Data provided:
▬▬▬▬▬▬▬▬▬▬
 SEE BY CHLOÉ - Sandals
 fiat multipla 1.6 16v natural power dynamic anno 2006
▬▬▬▬▬▬▬▬▬▬
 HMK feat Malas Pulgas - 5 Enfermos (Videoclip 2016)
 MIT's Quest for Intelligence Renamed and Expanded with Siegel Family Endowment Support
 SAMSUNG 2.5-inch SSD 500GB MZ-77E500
▬▬▬▬▬▬▬▬▬▬
Reproduce exactly the lines above from the line with "SEE BY CHLOÉ - Sandals" to the line with "fiat multipla 1.6", including both, and add nothing.

 SEE BY CHLOÉ - Sandals
 fiat multipla 1.6 16v natural power dynamic anno 2006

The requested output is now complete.